Dividido en cinco partes, en Los últimos perros... hallamos numerosas pruebas del versátil talento del poeta. A lo largo de un monólogo interior que podría pertenecer a Shackleton o a Ben Clark, asistimos a una codificación alegórica de la fuerza autodestructiva del deseo: «Carmen apuñalada, / Hamlet leyendo un libro, / la melodía nazi en Cabaret». Así se observa igualmente en un viaje submarino que acaba convirtiéndose en una fábula abisal sobre una existencia que ha tocado fondo. Muchas de las composiciones actualizan la gesta de Shackleton en nuestro tiempo de sentimientos glaciales y pantallas planas. El afecto compasivo más allá de los pronombres («yo te amo por encima de nosotros»), la protesta contra los almendros en flor, la reivindicación de los pingüinos suicidas o el réquiem por los pilotos que atraen como un imán a la catástrofe rubrican la labor testamentaria de la escritura. Asimismo, el paso, el peso y hasta el poso de la edad se reflejan en un palpitante blues a la vuelta los veinticinco años y en un imposible diálogo entre Darwin y lady Macbeth que comienza con una declaración de intenciones («Si me he acercado a ti es porque estás buena») y finaliza con una declaración de amor eterno: «Cuando tú ya no estés tan buena y yo / ya no le dé importancia a ese detalle». Con todo, el impulso vitalista se impone a los signos de la caducidad y a la emoción de las ruinas, según puede apreciarse en Pensamientos de añoranza en Laventie, ambientado en la Gran Guerra.

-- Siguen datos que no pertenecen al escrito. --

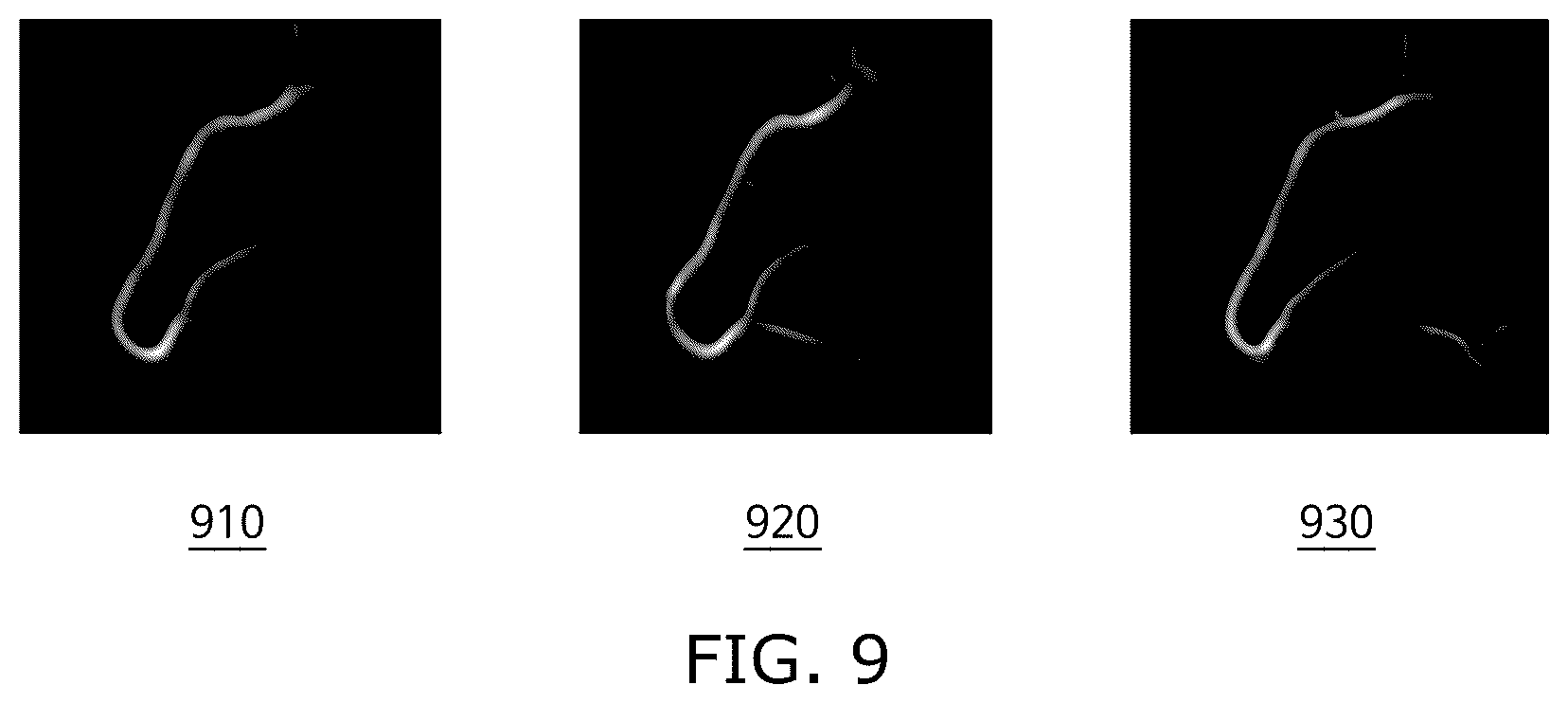 Patent US12361559 Figure 9 – Method and system for computing blood flow velocity based on medical image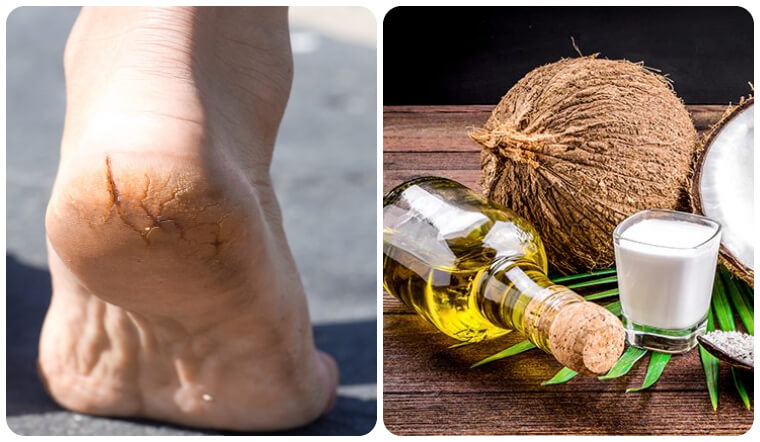 6 cách trị nứt gót chân bằng dầu dừa tại nhà, hiệu quả nhanh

No obstante, la parte más sorprendente del libro es la última sección. Los hombres que sacan a pasear al perro y a sus pensamientos en densas madrugadas, el resplandor que emiten las pupilas ígneas de Emily Dorman (la mujer de Shackleton), o la inmolación hipotérmica del paciente inglés Lawrence Oates ejemplifican aquellas pasiones extremas redimidas por el empeño que las alimenta. En estos versos se dan cita el gato epiceno que acompañó a Shackleton a bordo del Endurance, el sublime hundimiento del barco y el sacrificio de todos los perros del explorador; según Wikipedia, «porque las raciones de carne de foca que comían eran excesivas». Todo ello configura la epopeya de un hombre que desafió los límites de la supervivencia, pero que fracasó en el oficio diario de vivir: «¿Dónde estuve? / Estuve asesinando a nuestros perros». Con este aullido expresionista termina un libro fascinante y conturbador, desgarrado y contenido, que combate el frío polar con la temperatura afectiva de la voz lírica y que encuentra en la figura de Shackleton un salvavidas frente a la falacia patética. Si James Ivory tuviera alma, dirigiría la versión cinematográfica de Los últimos perros de Shackleton.